=== Begin Enclosure ===
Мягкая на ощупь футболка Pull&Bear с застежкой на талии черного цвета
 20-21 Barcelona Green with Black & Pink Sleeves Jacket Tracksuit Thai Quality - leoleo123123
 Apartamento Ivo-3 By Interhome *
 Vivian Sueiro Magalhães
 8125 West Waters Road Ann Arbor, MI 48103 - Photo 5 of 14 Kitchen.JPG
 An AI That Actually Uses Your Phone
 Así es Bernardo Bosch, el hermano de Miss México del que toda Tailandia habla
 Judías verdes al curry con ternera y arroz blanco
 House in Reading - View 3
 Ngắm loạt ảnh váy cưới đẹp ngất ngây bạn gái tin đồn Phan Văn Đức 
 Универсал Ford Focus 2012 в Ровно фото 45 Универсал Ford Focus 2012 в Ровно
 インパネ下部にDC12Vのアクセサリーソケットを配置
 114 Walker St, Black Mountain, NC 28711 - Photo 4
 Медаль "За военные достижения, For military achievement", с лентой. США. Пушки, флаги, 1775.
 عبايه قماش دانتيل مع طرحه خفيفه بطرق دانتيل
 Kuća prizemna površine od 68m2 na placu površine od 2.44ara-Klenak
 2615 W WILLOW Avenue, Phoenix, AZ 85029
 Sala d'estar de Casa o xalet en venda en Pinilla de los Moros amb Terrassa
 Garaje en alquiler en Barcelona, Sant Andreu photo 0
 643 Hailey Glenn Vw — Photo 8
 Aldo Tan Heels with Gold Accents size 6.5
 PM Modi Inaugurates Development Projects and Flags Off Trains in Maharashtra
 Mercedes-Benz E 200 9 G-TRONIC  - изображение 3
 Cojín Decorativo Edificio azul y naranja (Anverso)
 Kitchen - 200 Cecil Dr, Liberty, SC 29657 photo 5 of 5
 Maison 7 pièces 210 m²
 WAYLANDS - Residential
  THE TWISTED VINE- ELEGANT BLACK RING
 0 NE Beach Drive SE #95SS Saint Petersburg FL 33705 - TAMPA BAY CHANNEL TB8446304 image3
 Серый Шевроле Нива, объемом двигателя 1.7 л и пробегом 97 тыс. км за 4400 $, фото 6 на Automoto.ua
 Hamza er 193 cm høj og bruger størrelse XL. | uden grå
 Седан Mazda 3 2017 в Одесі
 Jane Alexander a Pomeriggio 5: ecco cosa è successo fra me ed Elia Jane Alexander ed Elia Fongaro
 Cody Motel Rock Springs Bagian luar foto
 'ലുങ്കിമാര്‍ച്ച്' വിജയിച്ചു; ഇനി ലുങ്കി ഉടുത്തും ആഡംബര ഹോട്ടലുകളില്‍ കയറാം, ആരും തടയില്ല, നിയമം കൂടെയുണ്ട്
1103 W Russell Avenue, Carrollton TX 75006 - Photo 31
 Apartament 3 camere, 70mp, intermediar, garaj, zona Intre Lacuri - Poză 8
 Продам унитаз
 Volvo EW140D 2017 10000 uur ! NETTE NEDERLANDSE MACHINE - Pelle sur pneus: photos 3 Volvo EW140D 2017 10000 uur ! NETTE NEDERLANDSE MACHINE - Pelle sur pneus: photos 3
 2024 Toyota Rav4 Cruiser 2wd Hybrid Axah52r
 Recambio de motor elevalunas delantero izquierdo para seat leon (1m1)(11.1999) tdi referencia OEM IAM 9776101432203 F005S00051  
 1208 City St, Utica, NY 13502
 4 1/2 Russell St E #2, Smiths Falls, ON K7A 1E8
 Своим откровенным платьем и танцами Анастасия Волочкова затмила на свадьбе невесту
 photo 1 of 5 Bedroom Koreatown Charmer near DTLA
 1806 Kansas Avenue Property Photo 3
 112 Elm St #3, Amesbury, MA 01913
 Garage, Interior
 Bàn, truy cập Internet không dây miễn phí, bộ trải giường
=== End Enclosure ===
**What you should do**
Starting at the first line of the records above, please copy every line exactly through the line containing "Седан Mazda 3 2017 в Одесі", and stop there.

**Answer to this task**
Мягкая на ощупь футболка Pull&Bear с застежкой на талии черного цвета
 20-21 Barcelona Green with Black & Pink Sleeves Jacket Tracksuit Thai Quality - leoleo123123
 Apartamento Ivo-3 By Interhome *
 Vivian Sueiro Magalhães
 8125 West Waters Road Ann Arbor, MI 48103 - Photo 5 of 14 Kitchen.JPG
 An AI That Actually Uses Your Phone
 Así es Bernardo Bosch, el hermano de Miss México del que toda Tailandia habla
 Judías verdes al curry con ternera y arroz blanco
 House in Reading - View 3
 Ngắm loạt ảnh váy cưới đẹp ngất ngây bạn gái tin đồn Phan Văn Đức 
 Универсал Ford Focus 2012 в Ровно фото 45 Универсал Ford Focus 2012 в Ровно
 インパネ下部にDC12Vのアクセサリーソケットを配置
 114 Walker St, Black Mountain, NC 28711 - Photo 4
 Медаль "За военные достижения, For military achievement", с лентой. США. Пушки, флаги, 1775.
 عبايه قماش دانتيل مع طرحه خفيفه بطرق دانتيل
 Kuća prizemna površine od 68m2 na placu površine od 2.44ara-Klenak
 2615 W WILLOW Avenue, Phoenix, AZ 85029
 Sala d'estar de Casa o xalet en venda en Pinilla de los Moros amb Terrassa
 Garaje en alquiler en Barcelona, Sant Andreu photo 0
 643 Hailey Glenn Vw — Photo 8
 Aldo Tan Heels with Gold Accents size 6.5
 PM Modi Inaugurates Development Projects and Flags Off Trains in Maharashtra
 Mercedes-Benz E 200 9 G-TRONIC  - изображение 3
 Cojín Decorativo Edificio azul y naranja (Anverso)
 Kitchen - 200 Cecil Dr, Liberty, SC 29657 photo 5 of 5
 Maison 7 pièces 210 m²
 WAYLANDS - Residential
  THE TWISTED VINE- ELEGANT BLACK RING
 0 NE Beach Drive SE #95SS Saint Petersburg FL 33705 - TAMPA BAY CHANNEL TB8446304 image3
 Серый Шевроле Нива, объемом двигателя 1.7 л и пробегом 97 тыс. км за 4400 $, фото 6 на Automoto.ua
 Hamza er 193 cm høj og bruger størrelse XL. | uden grå
 Седан Mazda 3 2017 в Одесі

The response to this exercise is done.